> **Your goal**
Would you return exactly the lines below from the line with "2008 Chevrolet Silverado" through the line with "bontott MAZDA 323 Fűtőmotor (Nem klímás)", both included, and nothing else, leaving out the pictures?

> **Data listing**
^^^^

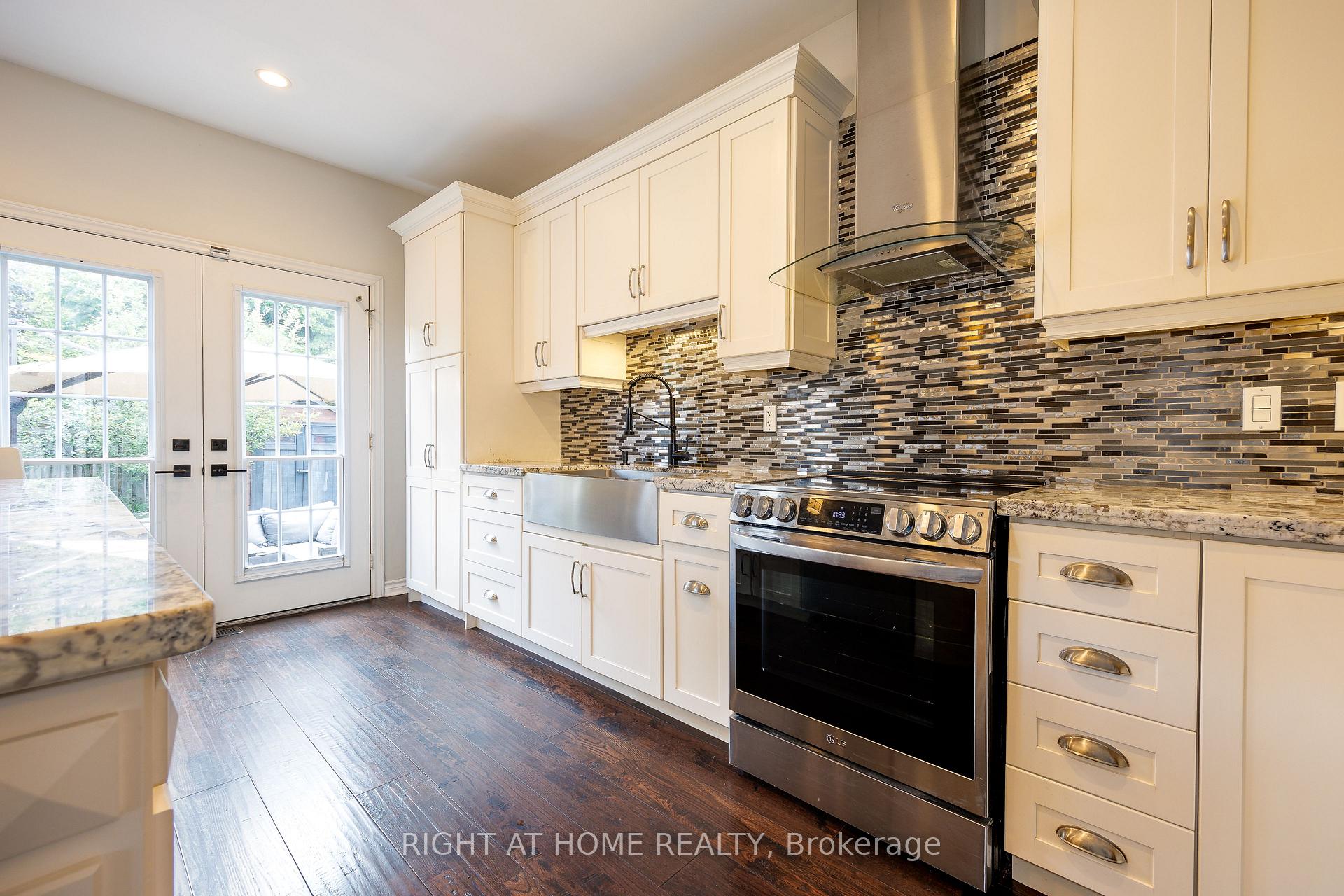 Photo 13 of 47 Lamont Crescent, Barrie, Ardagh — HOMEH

^^^^

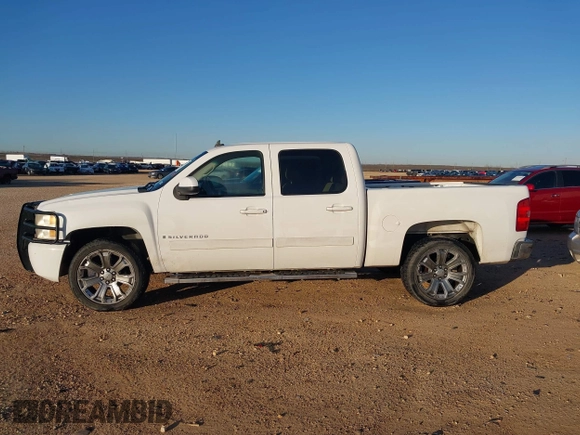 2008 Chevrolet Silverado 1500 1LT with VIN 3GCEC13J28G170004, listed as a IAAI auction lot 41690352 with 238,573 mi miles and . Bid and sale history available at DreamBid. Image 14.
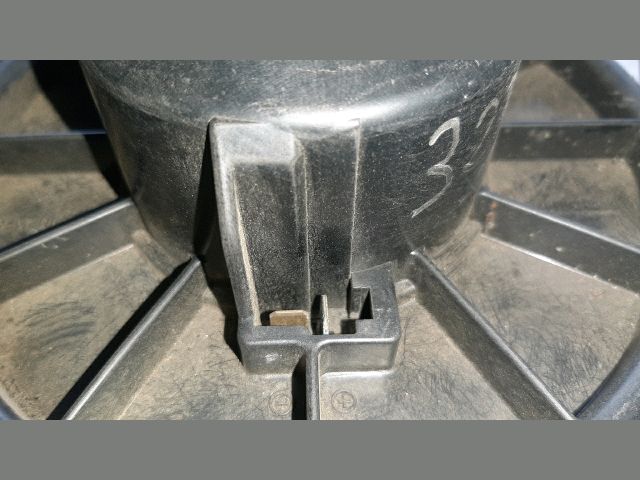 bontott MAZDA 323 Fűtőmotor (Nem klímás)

^^^^

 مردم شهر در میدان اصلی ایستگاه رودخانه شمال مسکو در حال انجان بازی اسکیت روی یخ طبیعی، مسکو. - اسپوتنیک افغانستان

^^^^

> **Answer section**
 2008 Chevrolet Silverado 1500 1LT with VIN 3GCEC13J28G170004, listed as a IAAI auction lot 41690352 with 238,573 mi miles and . Bid and sale history available at DreamBid. Image 14.
 bontott MAZDA 323 Fűtőmotor (Nem klímás)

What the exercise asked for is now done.